> [Stored data]
+ + + +

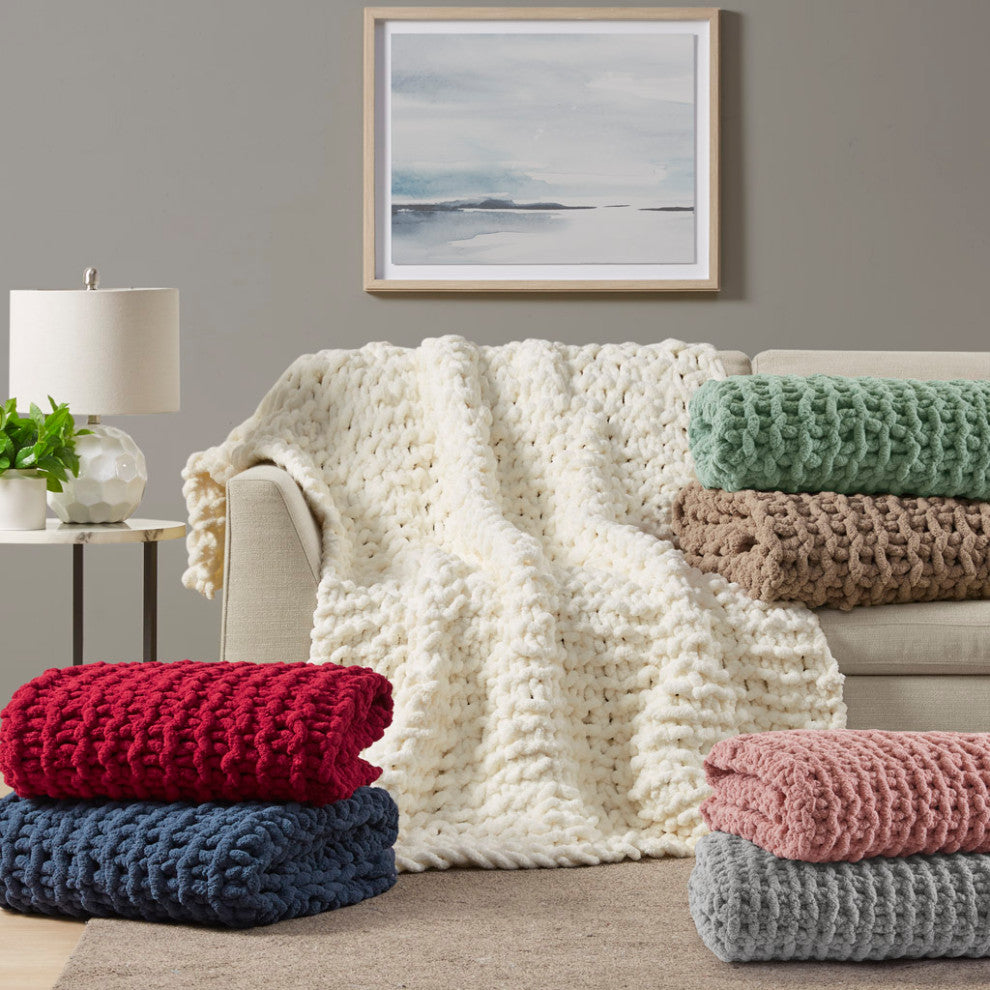 Madison Park Chenille Chunky Knit Throw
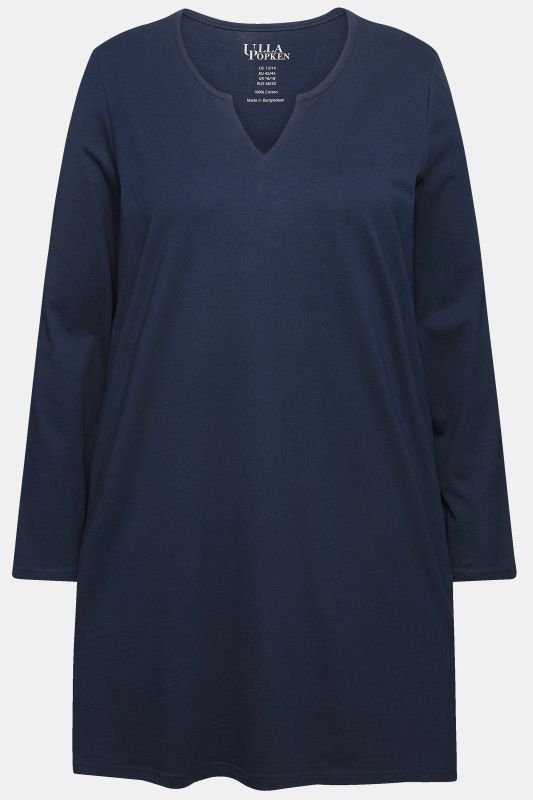 Notch Neckline Long Sleeve Knit Tunic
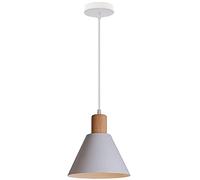 Hongho Moderne Suspensions Luminaires Industriel Retro Plafonnier Luminaire éclairage Vintage Luminaire Metal et Bois Plafonnier Lustre Lampe E27 (Blanc)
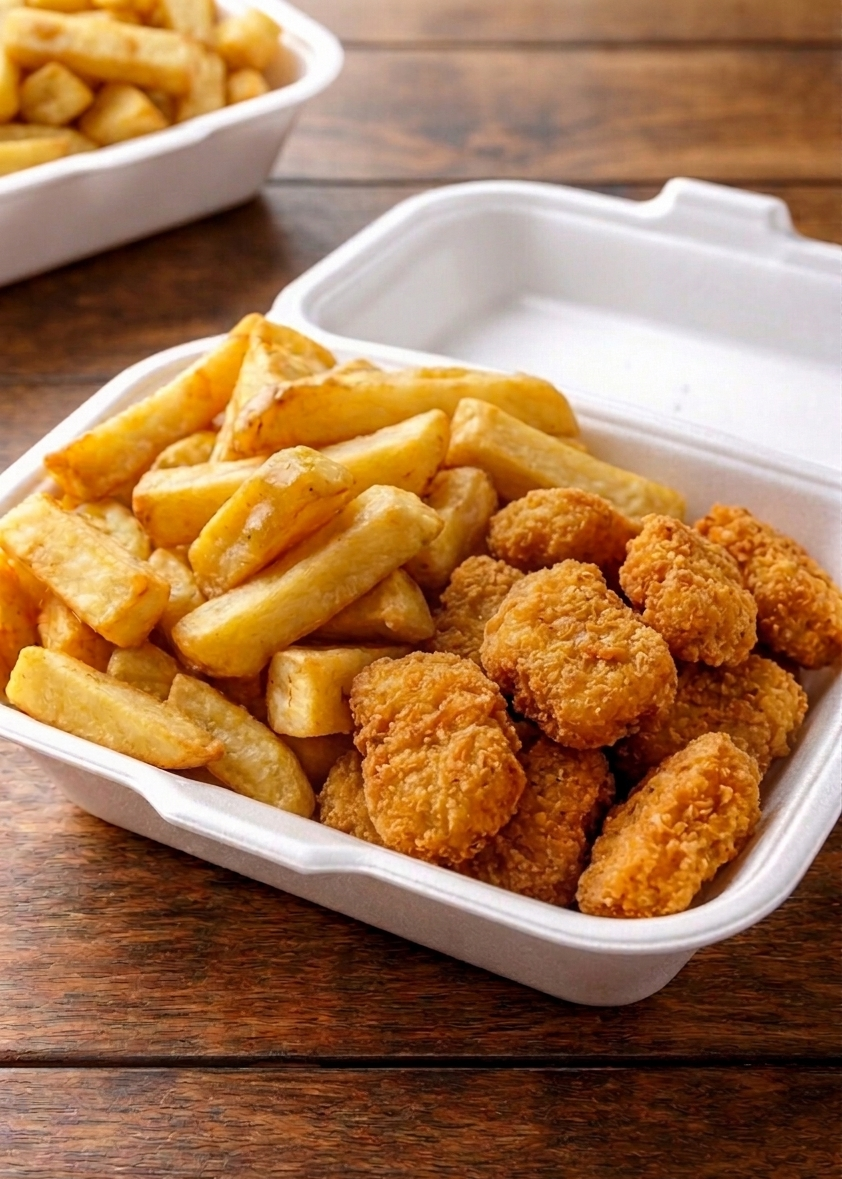 Chicken nuggets and chips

+ + + +

> [Work item]
Repeat the data word for word. Images are not part of the copy.

> [Result]
 Madison Park Chenille Chunky Knit Throw
 Notch Neckline Long Sleeve Knit Tunic
 Hongho Moderne Suspensions Luminaires Industriel Retro Plafonnier Luminaire éclairage Vintage Luminaire Metal et Bois Plafonnier Lustre Lampe E27 (Blanc)
 Chicken nuggets and chips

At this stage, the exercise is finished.